Cuando la tragedia es un motivo para aprender en la vida y valorar todo lo que tenemos.

Ayer, cuando me enteré de la noticia del accidente del bus escolar, mi corazón se partió. No hallaba la forma de llegar lo más rápido posible a mi casa para abrazar a esos hijos míos que cada noche esperan mi llegada.

Apenas Daniel me abrió la puerta, me abalancé a abrazarlo, a besarlo y a decirle cuánto, pero cuánto lo amaba. Él me miró con su carita triste y me dijo: «Mami, no gané».

Había jugado un partido de microfútbol y a sus tres años, el no haber podido siquiera darle una patada a la pelota, le representó una pérdida. Me sonreí y le dije que eso no era perder, que eso era vivir. Y pensé entonces en quienes esa tarde habían perdido hasta el motivo para seguir viviendo, quienes perdieron quizás, lo único que les quedaba en la vida.

Me solidarizo profundamente, como mujer y mamá, con todas las mamás que ayer perdieron a sus hijos. Me puse en su piel y me pregunté ¿cuántas de ellas no los besaron esa mañana, cuántas otras ni siquiera se levantaron a despedirlos, ¿cuántas los regañaron por no bañarse o vestirse con prontitud y ¿cuántas más los sermonearon por no llevar las tareas completas o los zapatos sin embolar? Lo que pasó ayer a esas madres y padres de esa veintena de niños inocentes, es una enseñanza para miles de padres que estamos perdidos, inconscientes de lo que significa la vida; la vida plena, la vida que merece ser vivida, una vida de amor, de familia, de armonía, de respeto, de aceptación, de abrazos, de besos, de palabras dulces y cariñosas para todos a quienes amamos.

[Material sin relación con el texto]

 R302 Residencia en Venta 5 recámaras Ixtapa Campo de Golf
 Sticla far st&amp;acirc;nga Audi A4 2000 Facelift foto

Esos hijos nuestros, son prestados. ¿Qué tal si nos proponemos darles más amor y menos cosas materiales? ¿Qué tal si en vez de llegar en la noche a casa a revisar cuadernos y dar regaños por el desorden, los tomamos en nuestros brazos y compartimos lo que hicimos en el día de hoy? ¿Qué tal si aceptamos a nuestros hijos como son sin pretender cambiarlos? ¿Qué tal si en vez de cantaleta les hablamos con dulzura? ¿Qué tal si todas las noches nos quedamos a su lado, acariciando sus manitos y su carita hasta que se duerman? ¿Qué tal si pensamos menos en las calificaciones y más en que el aprender sea realmente una aventura fascinante? ¿Qué tal si nos da igual el 5 o el 1, el sobresaliente o el insuficiente, porque lo que hay en el corazón y en el alma de cada hijo, no tiene nota, no tiene precio? ¿Qué tal si aprendemos de una vez por todas a disfrutar a nuestros hijos con el poco o mucho tiempo que nos quede? ¿Qué tal si nos decidimos a amar a esos seres pequeñitos que la vida nos prestó y que nunca sabemos hasta cuándo? ¿Qué tal si nos preocupamos menos por su rendimiento académico y más por sus sentimientos, por reforzar amorosamente el sentido de familia, la tolerancia, el respeto, la aceptación hacia los otros?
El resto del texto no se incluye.